In Ontario, for example, the Employment Standards Act, 2000 clearly provides that no employee is to work more than five consecutive hours without a break. They are entitled to a half hour unpaid break, which can be divided into two 15-minute breaks. No matter how you slice it, they cannot work more than five consecutive hours without taking a break. And like all aspects of employment standards legislation, the parties cannot “agree” otherwise.

Of course, it is fairly common for people to work through their lunch break, either on an ad-hoc basis when they have a lot of work to do or have to leave early on a particular day, or as part of a broader plan to condense their work days or work weeks. So what is an employer to do when they speak with their employment lawyer and find out that by allowing their employees to do so, they are breaching employment standards legislation, even if it was the employee That suggested the idea?

As I often tell employers, when a bad practice has become the norm, either deliberately or inadvertently, they must reset the situation. I often use this example when discussing situations where the common practice within the organization is inconsistent with the applicable policy. As many people have commented, “if your practices don’t comply with your policies, then your practices become your policies”.
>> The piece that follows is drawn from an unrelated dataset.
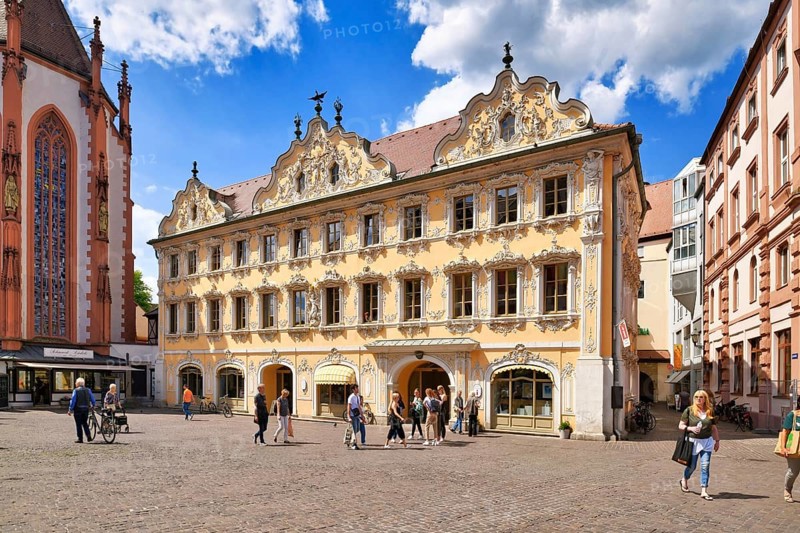 Wuerzburg, Germany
Often, I discuss resetting the situation in the context of breach of policy as such as employees routinely using the corporate internet access for personal reasons when they’re supposed to be working. If the policy says that this is not to happen, but the reality is that everyone does it on a regular basis, the company should not simply start to impose discipline arbitrarily. Rather, they should reset the situation by advising all staff that despite the past practice, the policy will be enforced going forward. Of course, they should also remind everyone what the policy actually says, along with the consequences of failing to abide by it. Then they should be sure to enforce it consistently.

One challenge is that many employees will see something like the right to condense their work day by working through lunch as a term of their employment, and will see any attempt to change that as a constructive dismissal. This was the situation in the recent case of Peternel v. Custom Granite & Marble Ltd., where the employer attempted to end the practice of condensing work days by skipping lunch.

The employee alleged wrongful dismissal, but ultimately, the employer was successful. In a decision that should provide comfort to employers, the court confirmed that insisting that employees comply with employment standards legislation, even if that is a change in practice, cannot constitute a constructive dismissal. Employers can insist that employees act in accordance with the legislation.

That said, an employer that provides a greater benefit than what is required by the employment standards legislation cannot unilaterally change the terms of the relationship in order to reduce the benefit to the minimum required by employment standards legislation. By way of example, if a manager’s contract provided that they would be entitled to overtime pay after working 44 hours in a week, and the employer subsequently discovered that this was not required by the legislation since managers are exempt from overtime, the employer could not unilaterally change the contract to take away the overtime entitlement. That is very different than insisting that employees comply with the employment standards legislation by not working more than 5 hours without a break.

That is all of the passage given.